……………………………………………………. Baking our mark

Pasta Sauce with Chickpeas September 24, 2011

Last week, all my meals were based around the deliciou carnitas meat I defrosted (I promise to share that recipe at some point in the future): burritos, omlettes with carnitas, naked burritos, carnitas salad, etc. It was delicious.

This week, I’m ready to have a vegetarian (well, almost vegetarian) week. And yes, as a single girl with a full time job, I cook a full recipe of something over the weekend, and nosh on it all the way through the work week. There is NO WAY I am going to start using those “cooking for one” recipes; what’s the fun of cooking if you don’t get no-effort leftover dinners later?
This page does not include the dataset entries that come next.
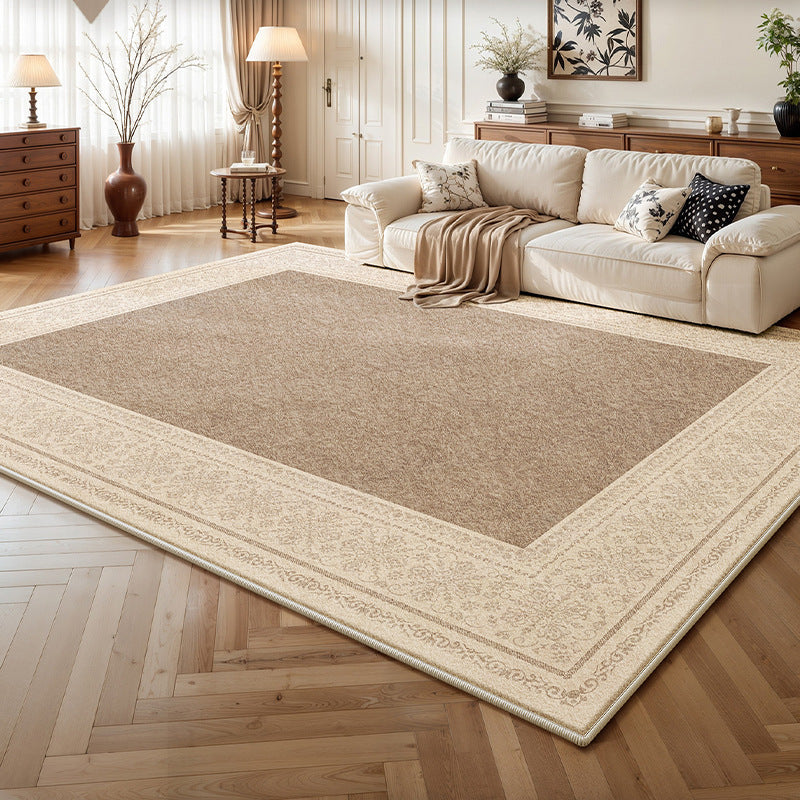 Removable and washable carpet french medieval retro persian no-wash and wipeable double-layer detachable machine washable sofa bedroom floor mat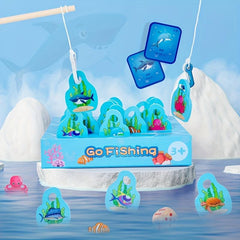 Wooden Fishing Game Preschool Fine Motor Skills Learning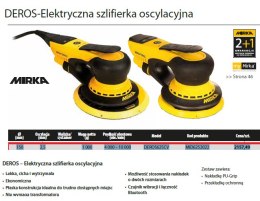 MIRKA DEROS625CV SZLIF. MIMOŚRODOWA 150 MIRKA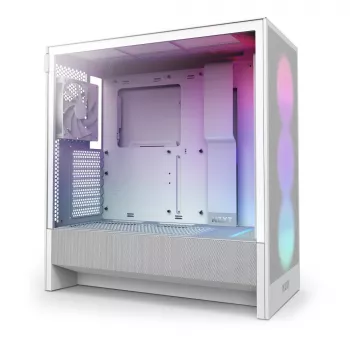 NZXT H5 Flow RGB 2024 Midi Tower Case, White
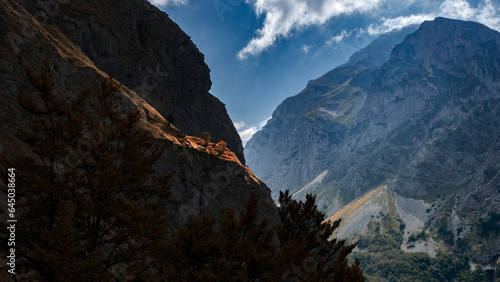 shadow and light mountain italy
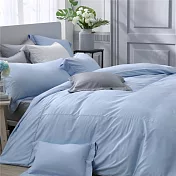 【麗塔寢飾】莫代爾 美規床包 席夢思床包 KING 193*201cm 水藍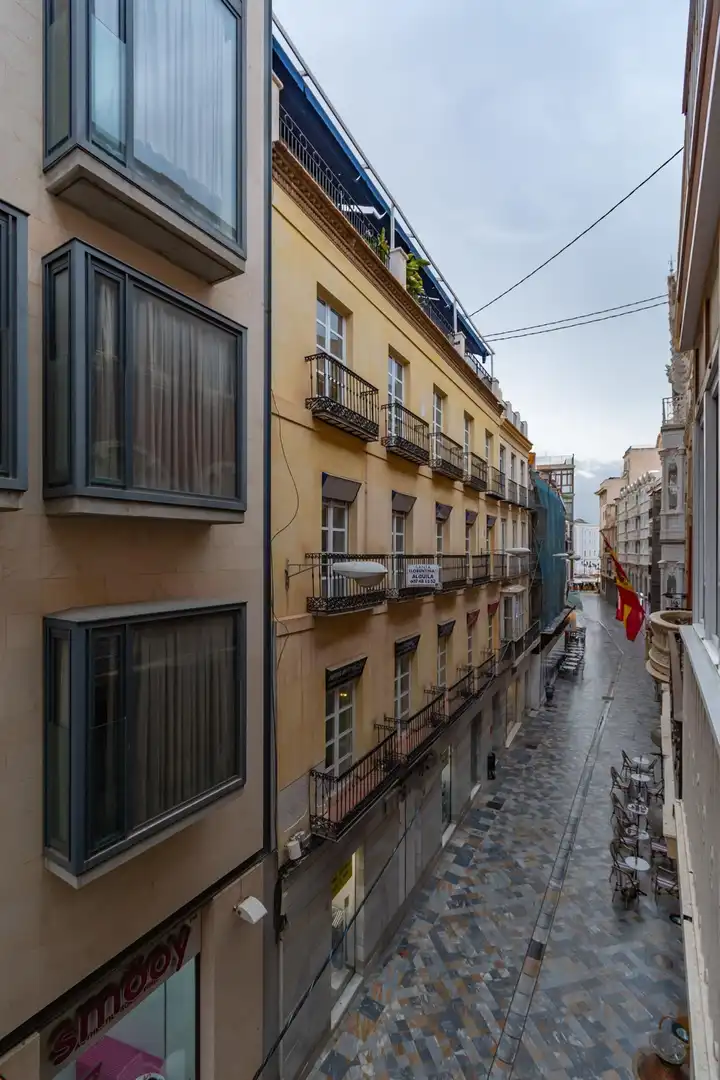 Vista exterior de Piso en venta en Cartagena con Aire acondicionado, Trastero y Amueblado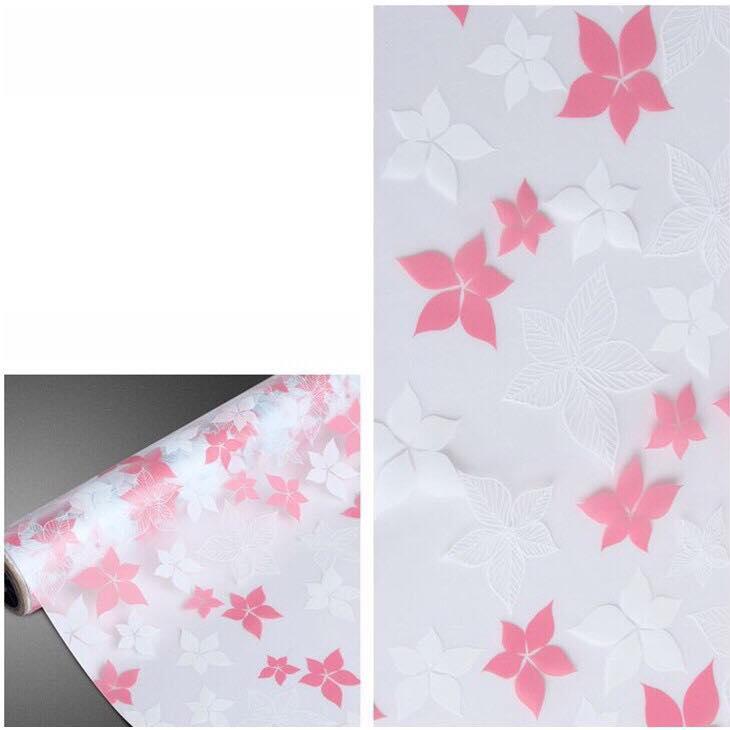 Combo 5 mét decal dán kính mẫu  hoa dây leo
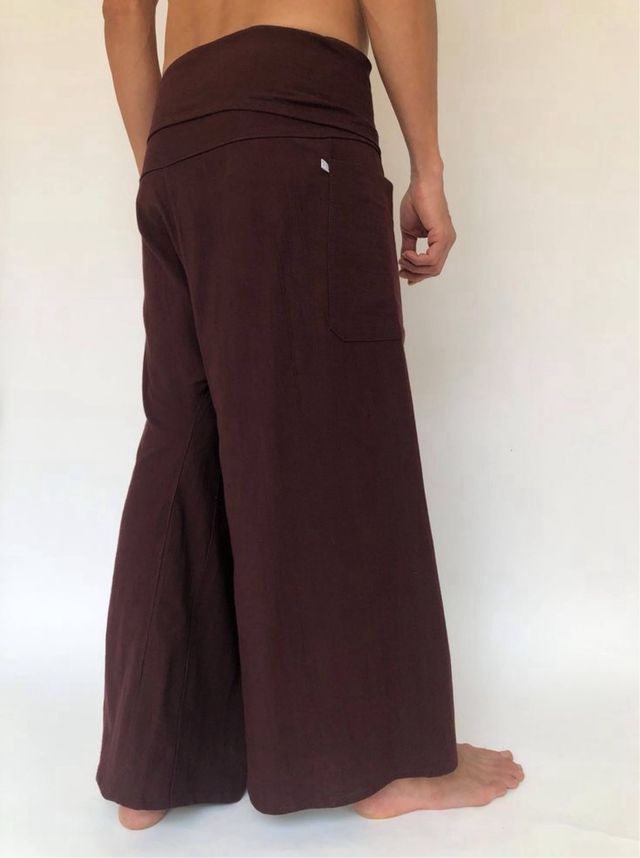 Pantalón Marrón Estilo Tai Unisex Talla Única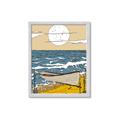 Picture of Summer Vacation Poster _GroupedProduct_Rectangle_Portrait_Framed_Matted_
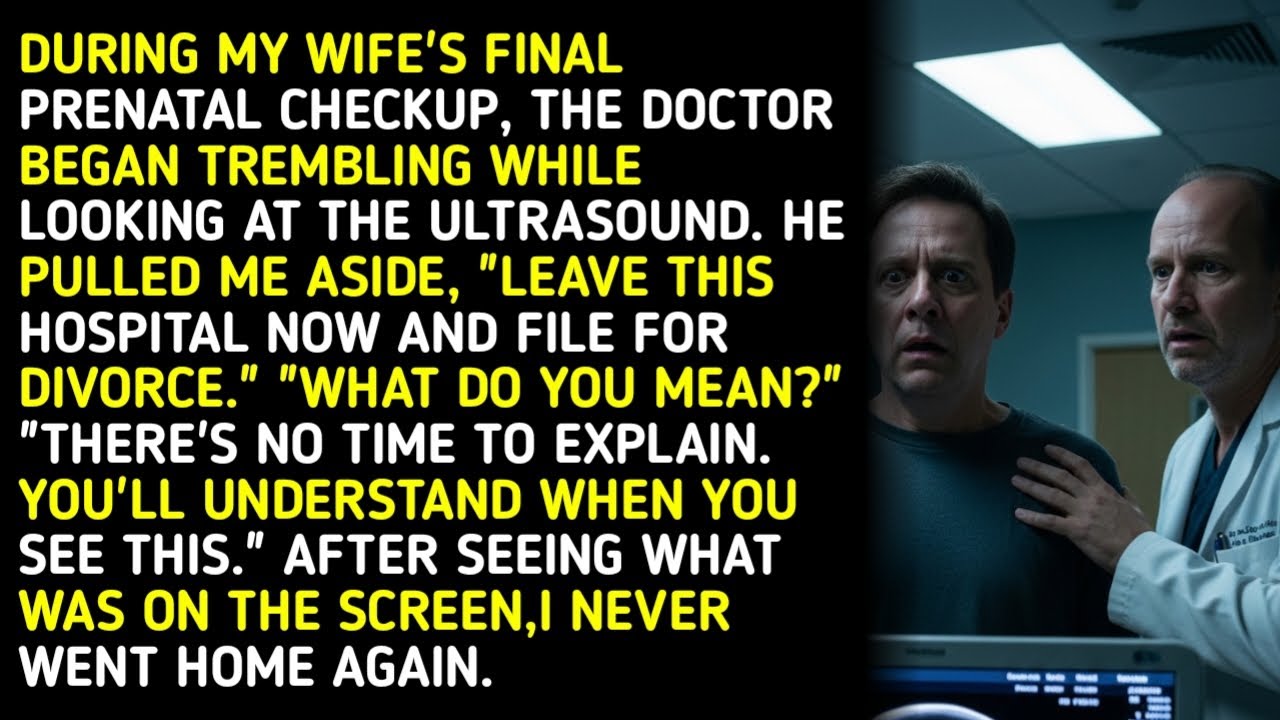 DURING MY WIFE'S FINAL PRENATAL CHECKUP, THE DOCTOR BEGAN TREMBLING WHILE LOOKING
So, on to a very easy recipe for pasta sauce with chickpeas. This recipe is from Smitten Kitchen with really only one change: I added squash to the pureed chickpea mixture so I could (a) sneak in some extra vegetables without even noticing (b) get rid of some of the last of the squash and (c) get the sauce the added moisture it needed without just having to add in pasta water.

Pasta Sauce with Chickpeas

1 can chickpeas, or 2 cups freshly cooked chickpeas [If you haven’t tried using dried chickpeas, this isn’t the recipe to start with…but you do need to start. They are delicious in a way that canned chickpeas can never be.]
1/2 cup vegetable or chicken stock
(If you’re dying to use squash like I did, throw in some here)
Olive oil
1/2 cup pancetta – toss in some extra herbs if you’re excluding to make the dish vegetarian [I cheated and used just some proscuitto since I didn’t have pancetta]
1 onion, chopped
4 cloves garlic
Lots of chile flakes
1 can diced tomatoes
10-15 basil leaves
Salt and parmesan cheese to taste

Reserve 1/3 cup chickpeas. Throw the rest in the food processor or blender along with the stock (and squash, if you’re using that). Set aside.

In a medium pot, cook the pancetta with the olive oil, then put in the  onion and garlic, until everything gets translucent and fragrant. Then, add in the tomatoes, chickpea puree, and basil, cooking for about 20 minutes. When you’re done, toss in the chickpeas and some cheese, and put it on top of pasta. Mmmmmm.